- _The task_
Leave every picture out, and write out the remaining entries exactly.
*** Supplied information Section Begins ***
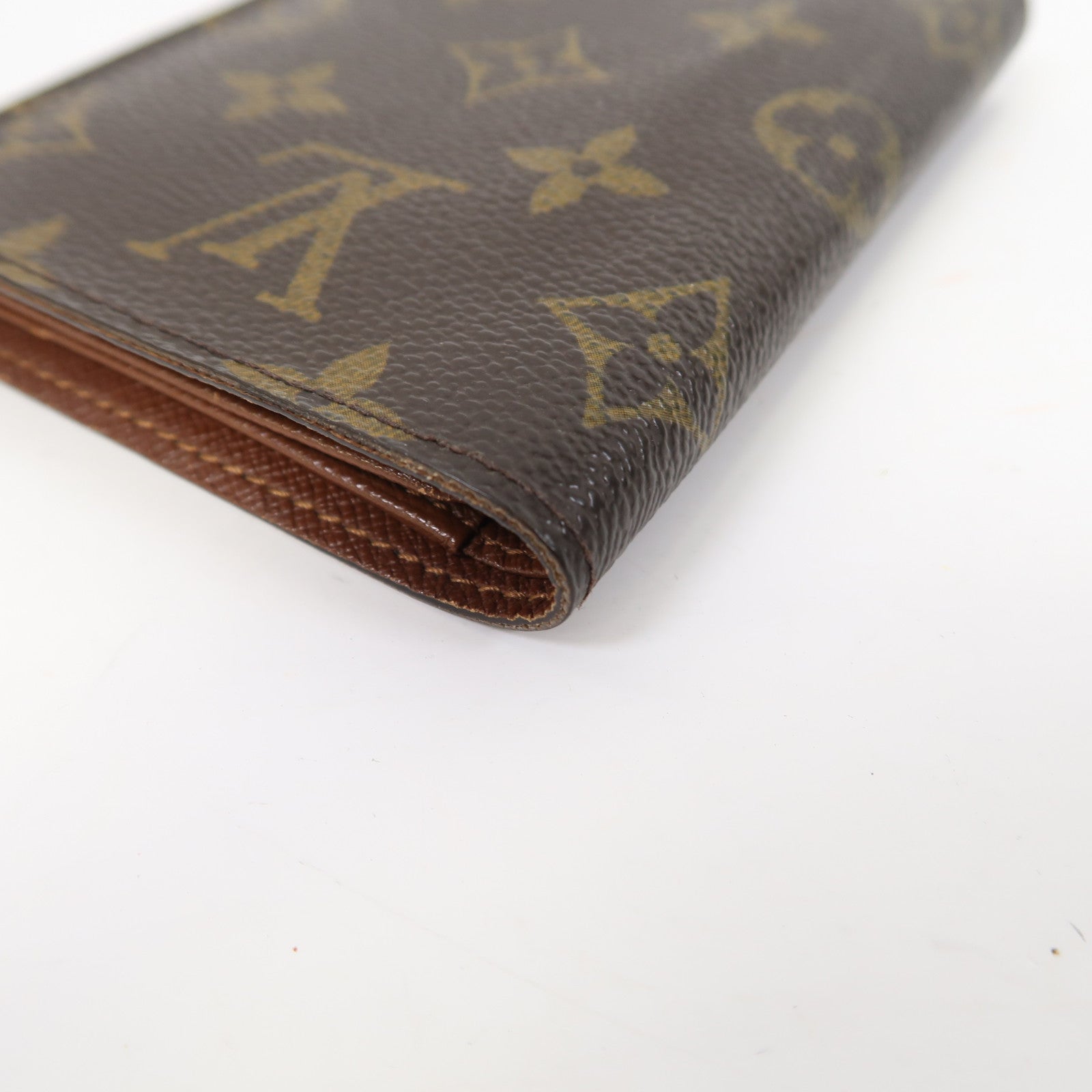 LOUIS VUITTON Monogram Trifold錢包啡色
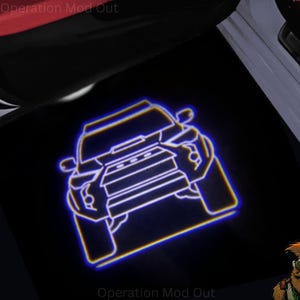 4Runner Door Lights | Toyota Courtesy Lights| Projector | 5th Generation [EASY INSTALL]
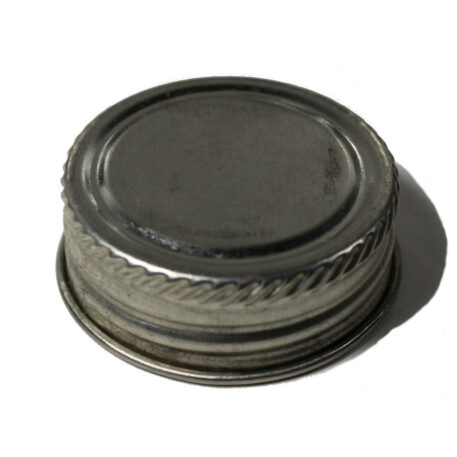 1 1/4 inch alpha plain steel screwcap closure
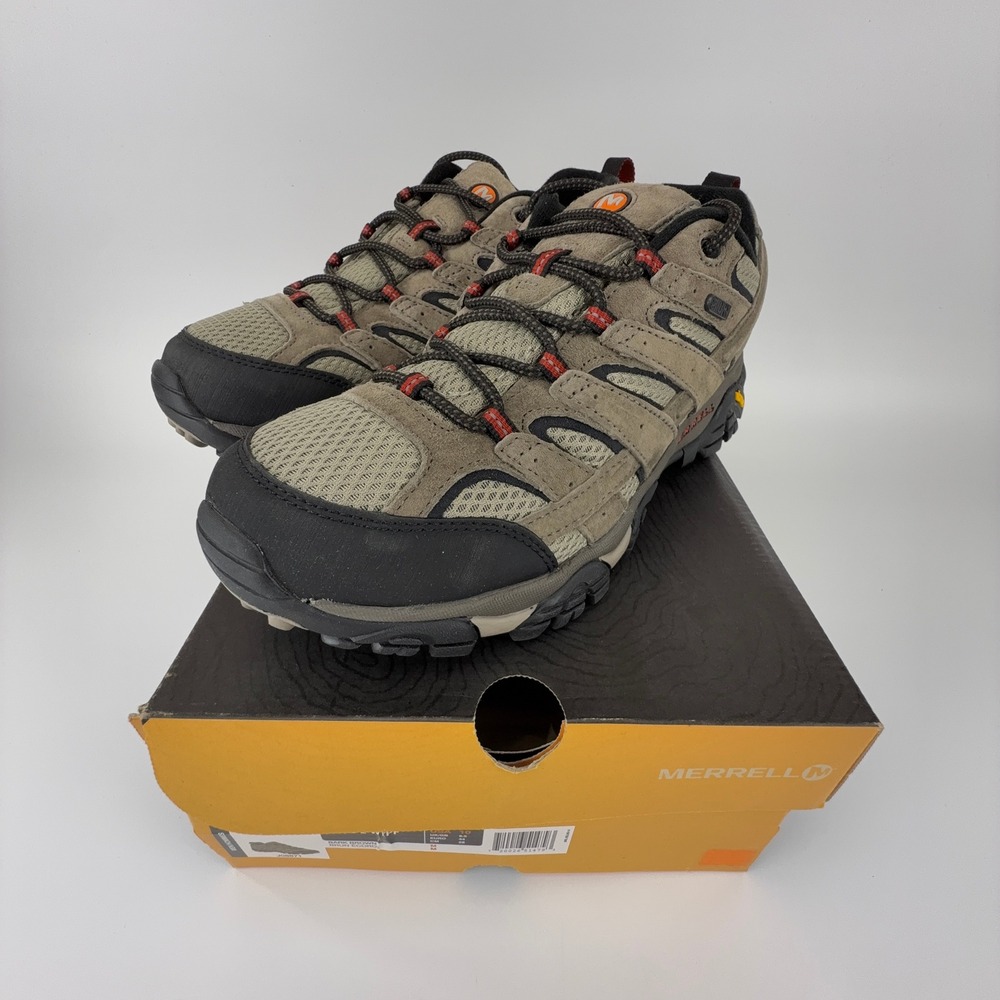Merrell Moab 2 WTPF Mens Hiking Shoes Bark Brown Waterproof J08871 Size 10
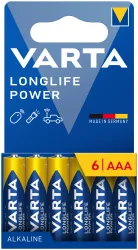 Varta Batterien Longlife Power Aaa/Lr03 6 Stück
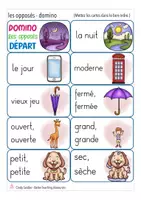 Aperçu - Jeux - les opposés - jeu de domino français - Page 1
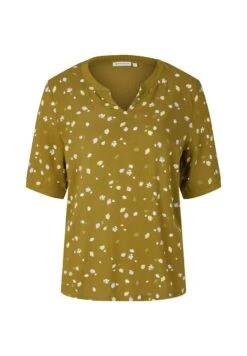 Tom Tailor T-Shirt Print - Olive Small Floral Design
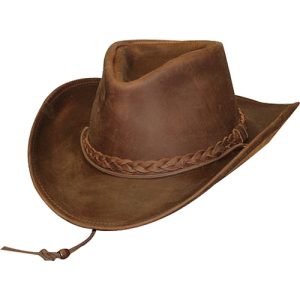 LEATHER COWBOY HAT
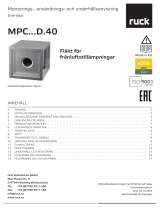 Ruck MPC 500 D4 40 Bruksanvisning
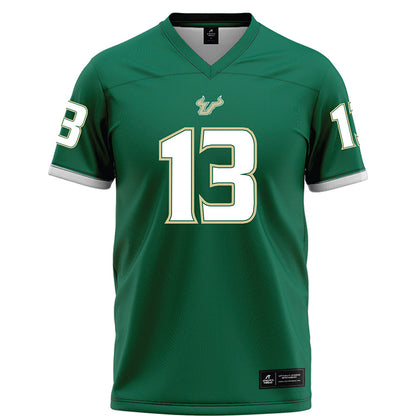 USF - NCAA Football : Kajuan Banks - Green Football Jersey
*** Supplied information Section Ends ***
- _The answer_
 LOUIS VUITTON Monogram Trifold錢包啡色
 4Runner Door Lights | Toyota Courtesy Lights| Projector | 5th Generation [EASY INSTALL]
 1 1/4 inch alpha plain steel screwcap closure
Merrell Moab 2 WTPF Mens Hiking Shoes Bark Brown Waterproof J08871 Size 10
 Varta Batterien Longlife Power Aaa/Lr03 6 Stück
 Aperçu - Jeux - les opposés - jeu de domino français - Page 1
 Tom Tailor T-Shirt Print - Olive Small Floral Design
 LEATHER COWBOY HAT
 Ruck MPC 500 D4 40 Bruksanvisning
 USF - NCAA Football : Kajuan Banks - Green Football Jersey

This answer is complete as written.